After the milling, when the seeds and skins have been separated out, the watery sauce goes back in the pots to cook down. I head into the garden to snip basil until the aromas of toasting garlic and searing meat guide me to the kitchen, where Uncle Joe has started dinner. The pot on his stove is tiny in comparison to the ones bubbling outside, but still large enough to feed everyone. Tradition dictates that to the pork ribs, sausage, and braciole already in the pot we add the last lingering jars of the previous year’s sauce, marking the commencement of a new season.

Everyone in our family has a specialty requiring the jars of tomato sauce we’re making; we all need them, each in our own way. Uncle Joe’s gravy is inarguably the family’s best; I could drink it as if I were dehydrated. Aunt Donna makes vodka sauce with pancetta, sundried tomatoes, and a single egg yolk folded in at the end; elbows are thrown on Easter to get to the front of the line as she ladles it over penne. Nana Nettie has her crab sauce, which reminds my dad of the summers he spent in Shark River, NJ. Sautéed garlic, blue crabs, herbs and a few quarts of our crushed tomatoes; we greedily devour it in the summer months and pack leftovers in Polly-O Ricotta containers to freeze for the winter when we’re craving a taste of the shore. My mom makes her puttanesca, a dish named after the “ladies of the evening.” With simple ingredients easily found in the cupboard, such as cured capers and olives, puttanesca was said to be made between clients because it was fast and did not cause an interruption of business.
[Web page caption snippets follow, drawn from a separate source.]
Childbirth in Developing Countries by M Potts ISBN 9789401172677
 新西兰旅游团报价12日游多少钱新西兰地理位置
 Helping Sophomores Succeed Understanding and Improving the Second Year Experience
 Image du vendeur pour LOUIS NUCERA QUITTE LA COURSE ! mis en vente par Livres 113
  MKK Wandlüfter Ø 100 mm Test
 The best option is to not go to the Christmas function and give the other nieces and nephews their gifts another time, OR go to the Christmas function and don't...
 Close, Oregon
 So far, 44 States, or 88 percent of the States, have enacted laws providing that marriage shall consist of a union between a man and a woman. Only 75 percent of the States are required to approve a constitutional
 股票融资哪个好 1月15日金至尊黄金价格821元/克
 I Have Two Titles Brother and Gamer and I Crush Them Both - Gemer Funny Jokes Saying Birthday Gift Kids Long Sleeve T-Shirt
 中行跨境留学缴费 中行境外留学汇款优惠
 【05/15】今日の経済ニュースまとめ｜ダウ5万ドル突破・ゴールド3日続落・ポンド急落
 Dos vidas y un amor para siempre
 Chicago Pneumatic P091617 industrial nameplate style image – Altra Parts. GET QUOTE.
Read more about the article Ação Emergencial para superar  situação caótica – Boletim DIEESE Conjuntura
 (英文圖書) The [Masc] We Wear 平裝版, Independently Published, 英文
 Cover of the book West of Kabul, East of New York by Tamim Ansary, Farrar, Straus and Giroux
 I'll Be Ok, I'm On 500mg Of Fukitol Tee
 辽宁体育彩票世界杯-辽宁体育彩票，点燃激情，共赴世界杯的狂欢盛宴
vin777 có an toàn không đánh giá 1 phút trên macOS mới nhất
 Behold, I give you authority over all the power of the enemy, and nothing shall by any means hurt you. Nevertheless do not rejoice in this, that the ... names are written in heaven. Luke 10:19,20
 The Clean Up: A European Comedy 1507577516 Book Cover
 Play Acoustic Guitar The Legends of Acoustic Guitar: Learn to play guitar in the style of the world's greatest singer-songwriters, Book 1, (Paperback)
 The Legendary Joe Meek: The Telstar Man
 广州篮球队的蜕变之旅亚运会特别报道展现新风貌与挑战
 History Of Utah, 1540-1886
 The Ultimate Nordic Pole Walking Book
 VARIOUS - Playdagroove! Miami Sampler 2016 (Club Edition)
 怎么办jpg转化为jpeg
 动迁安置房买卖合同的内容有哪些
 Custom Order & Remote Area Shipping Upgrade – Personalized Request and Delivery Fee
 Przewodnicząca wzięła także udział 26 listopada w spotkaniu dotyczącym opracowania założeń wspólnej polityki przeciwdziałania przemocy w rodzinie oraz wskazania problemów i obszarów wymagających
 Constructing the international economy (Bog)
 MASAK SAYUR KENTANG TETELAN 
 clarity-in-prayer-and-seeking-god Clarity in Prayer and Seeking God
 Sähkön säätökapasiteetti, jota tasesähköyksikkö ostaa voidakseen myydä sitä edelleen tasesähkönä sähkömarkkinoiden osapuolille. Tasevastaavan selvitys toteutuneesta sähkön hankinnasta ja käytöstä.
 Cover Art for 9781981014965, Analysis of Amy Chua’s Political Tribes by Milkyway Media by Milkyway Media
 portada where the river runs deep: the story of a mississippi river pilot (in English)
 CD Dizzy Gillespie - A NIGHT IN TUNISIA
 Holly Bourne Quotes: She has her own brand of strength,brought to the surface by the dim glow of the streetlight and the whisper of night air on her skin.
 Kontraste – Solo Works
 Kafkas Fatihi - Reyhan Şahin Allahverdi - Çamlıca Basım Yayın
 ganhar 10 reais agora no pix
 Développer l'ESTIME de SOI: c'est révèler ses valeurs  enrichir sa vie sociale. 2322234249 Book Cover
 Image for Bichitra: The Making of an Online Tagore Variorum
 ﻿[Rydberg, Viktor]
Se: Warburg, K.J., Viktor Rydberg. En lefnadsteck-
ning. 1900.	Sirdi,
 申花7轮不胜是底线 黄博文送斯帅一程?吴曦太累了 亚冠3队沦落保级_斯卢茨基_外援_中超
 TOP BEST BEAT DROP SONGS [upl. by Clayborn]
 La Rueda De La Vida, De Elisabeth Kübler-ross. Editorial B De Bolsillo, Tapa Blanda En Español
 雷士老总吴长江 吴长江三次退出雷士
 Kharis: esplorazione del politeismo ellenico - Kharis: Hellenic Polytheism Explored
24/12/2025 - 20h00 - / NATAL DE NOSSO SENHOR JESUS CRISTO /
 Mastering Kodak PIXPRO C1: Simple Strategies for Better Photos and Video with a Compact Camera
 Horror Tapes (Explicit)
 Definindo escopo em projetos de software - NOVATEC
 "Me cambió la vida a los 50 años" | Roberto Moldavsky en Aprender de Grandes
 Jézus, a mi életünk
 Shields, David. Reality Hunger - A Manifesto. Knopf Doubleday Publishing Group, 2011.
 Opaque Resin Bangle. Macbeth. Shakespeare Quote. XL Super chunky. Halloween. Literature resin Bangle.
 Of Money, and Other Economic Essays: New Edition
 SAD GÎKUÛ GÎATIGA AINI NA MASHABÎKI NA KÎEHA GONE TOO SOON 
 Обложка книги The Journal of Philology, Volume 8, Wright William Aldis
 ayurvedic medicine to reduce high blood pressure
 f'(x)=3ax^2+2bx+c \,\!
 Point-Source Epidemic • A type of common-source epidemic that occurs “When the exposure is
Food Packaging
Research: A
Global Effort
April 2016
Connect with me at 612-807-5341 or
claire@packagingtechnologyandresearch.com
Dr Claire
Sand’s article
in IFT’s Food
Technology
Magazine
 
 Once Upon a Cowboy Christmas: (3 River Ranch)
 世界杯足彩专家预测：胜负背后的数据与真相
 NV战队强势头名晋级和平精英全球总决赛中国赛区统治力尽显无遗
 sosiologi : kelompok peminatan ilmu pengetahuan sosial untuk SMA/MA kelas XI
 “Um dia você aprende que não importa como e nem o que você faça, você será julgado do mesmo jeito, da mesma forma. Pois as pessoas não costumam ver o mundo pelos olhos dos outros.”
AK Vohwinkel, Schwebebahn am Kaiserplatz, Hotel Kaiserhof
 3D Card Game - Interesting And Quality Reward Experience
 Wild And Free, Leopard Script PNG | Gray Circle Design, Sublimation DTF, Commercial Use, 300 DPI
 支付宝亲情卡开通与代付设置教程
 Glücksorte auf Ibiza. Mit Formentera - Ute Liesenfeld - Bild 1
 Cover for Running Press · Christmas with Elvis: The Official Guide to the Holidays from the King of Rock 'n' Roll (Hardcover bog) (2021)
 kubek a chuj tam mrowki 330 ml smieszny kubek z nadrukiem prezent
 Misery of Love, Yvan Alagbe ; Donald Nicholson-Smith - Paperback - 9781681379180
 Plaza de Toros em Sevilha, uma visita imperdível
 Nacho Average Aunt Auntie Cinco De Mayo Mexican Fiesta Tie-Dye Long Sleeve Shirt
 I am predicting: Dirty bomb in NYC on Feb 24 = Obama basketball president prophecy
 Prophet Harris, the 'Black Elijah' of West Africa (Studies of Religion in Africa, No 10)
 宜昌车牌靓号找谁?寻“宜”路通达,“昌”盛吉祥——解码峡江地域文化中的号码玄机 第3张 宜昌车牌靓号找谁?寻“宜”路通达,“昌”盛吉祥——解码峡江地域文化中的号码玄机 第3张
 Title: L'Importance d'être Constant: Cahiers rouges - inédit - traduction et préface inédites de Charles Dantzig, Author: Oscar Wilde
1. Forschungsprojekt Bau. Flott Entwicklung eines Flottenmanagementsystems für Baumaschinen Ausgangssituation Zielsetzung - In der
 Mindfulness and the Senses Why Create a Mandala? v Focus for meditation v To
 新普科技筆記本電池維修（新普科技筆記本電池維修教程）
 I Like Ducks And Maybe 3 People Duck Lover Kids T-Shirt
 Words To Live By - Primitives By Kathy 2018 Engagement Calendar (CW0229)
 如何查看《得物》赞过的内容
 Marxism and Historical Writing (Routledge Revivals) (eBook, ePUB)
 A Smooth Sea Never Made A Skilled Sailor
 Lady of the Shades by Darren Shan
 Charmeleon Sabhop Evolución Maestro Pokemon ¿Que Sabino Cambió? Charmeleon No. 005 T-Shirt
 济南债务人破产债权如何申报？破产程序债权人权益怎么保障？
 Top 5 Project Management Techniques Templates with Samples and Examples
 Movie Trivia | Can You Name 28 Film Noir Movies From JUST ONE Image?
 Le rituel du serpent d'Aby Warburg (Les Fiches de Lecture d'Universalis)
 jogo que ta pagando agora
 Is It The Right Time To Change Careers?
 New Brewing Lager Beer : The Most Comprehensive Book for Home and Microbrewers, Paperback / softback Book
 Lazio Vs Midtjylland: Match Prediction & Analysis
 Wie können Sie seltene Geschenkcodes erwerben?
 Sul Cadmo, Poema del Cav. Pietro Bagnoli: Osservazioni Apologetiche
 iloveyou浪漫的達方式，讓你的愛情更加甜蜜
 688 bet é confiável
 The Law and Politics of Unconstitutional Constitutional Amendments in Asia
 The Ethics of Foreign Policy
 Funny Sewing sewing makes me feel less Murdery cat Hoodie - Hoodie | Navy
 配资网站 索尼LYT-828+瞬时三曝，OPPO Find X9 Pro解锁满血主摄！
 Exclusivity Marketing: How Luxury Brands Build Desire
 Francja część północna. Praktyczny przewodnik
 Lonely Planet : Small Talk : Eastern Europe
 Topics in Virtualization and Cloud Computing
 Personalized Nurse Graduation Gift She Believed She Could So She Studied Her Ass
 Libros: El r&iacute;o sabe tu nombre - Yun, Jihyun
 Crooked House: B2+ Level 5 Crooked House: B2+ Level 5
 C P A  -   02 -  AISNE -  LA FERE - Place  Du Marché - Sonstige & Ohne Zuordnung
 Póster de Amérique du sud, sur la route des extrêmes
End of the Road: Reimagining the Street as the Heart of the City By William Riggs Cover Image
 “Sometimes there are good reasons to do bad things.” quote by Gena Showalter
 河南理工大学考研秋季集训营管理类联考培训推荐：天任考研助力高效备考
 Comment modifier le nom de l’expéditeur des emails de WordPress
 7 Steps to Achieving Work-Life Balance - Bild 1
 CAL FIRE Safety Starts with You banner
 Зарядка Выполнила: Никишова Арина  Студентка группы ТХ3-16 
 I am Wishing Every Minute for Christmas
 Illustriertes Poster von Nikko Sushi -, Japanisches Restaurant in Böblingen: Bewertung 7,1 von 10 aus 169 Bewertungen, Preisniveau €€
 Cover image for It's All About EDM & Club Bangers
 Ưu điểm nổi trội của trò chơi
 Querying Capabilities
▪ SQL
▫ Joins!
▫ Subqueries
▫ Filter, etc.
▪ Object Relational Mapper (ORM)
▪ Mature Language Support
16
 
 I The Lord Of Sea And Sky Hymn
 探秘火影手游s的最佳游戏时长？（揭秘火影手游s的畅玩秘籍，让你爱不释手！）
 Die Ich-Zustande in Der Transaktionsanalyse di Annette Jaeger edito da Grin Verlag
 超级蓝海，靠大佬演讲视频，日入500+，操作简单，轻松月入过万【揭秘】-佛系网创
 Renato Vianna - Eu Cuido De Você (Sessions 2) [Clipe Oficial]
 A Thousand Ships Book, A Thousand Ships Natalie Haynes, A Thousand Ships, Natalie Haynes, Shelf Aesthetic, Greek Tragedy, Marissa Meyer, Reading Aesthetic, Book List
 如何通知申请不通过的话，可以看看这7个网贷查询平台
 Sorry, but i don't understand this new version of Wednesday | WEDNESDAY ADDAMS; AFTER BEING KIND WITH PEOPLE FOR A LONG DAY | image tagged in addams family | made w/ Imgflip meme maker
Back outside, canning begins. We work in an assembly line. A mason by trade, Uncle Joe has hands that have long lost their feeling. He is responsible for dipping a pitcher into the scalding vat and filling the jars. My job? I drop a single leaf of basil in each jar before laying down the metal top. My cousin screws the lids tight. Once we’re finished and waiting for our company to arrive, Matt and I walk up the hill to our grandpa’s house to siphon some of his homemade wine into bottles for dinner. Weaving through the meat grinder, sausage stuffer, and grape-crushing machines, ducking below the hanging soppressata, we reach the back of the garage. We reminisce about the vintage where my grandpa, testing the alcohol level and finding it to be 18 percent, proclaimed it “high octane;” we laugh, seeing the years and years of homemade labels on the aging bottles stacked against the wall, and the “golden cork” plaques awarded to them by the Italian American Congress of Union County. A framed article from the local paper declares, “Wine from the Del Duca garage is nothing if not prolific.

Arms full of homemade Lambrusco, we head back to my uncle’s house. The smell of stewed tomatoes lingers in the air as we make our way down the driveway. Voices and laughter erupt from the house. Abandoning our typical Sunday noon start time, we sit for dinner at seven p.m., bowing our heads as someone says grace. My uncle catches my eye, gives me a wink, and I think how lucky I am to have these traditions, how proud I am of my culture, and how grateful I am for what makes all this possible for me, my family.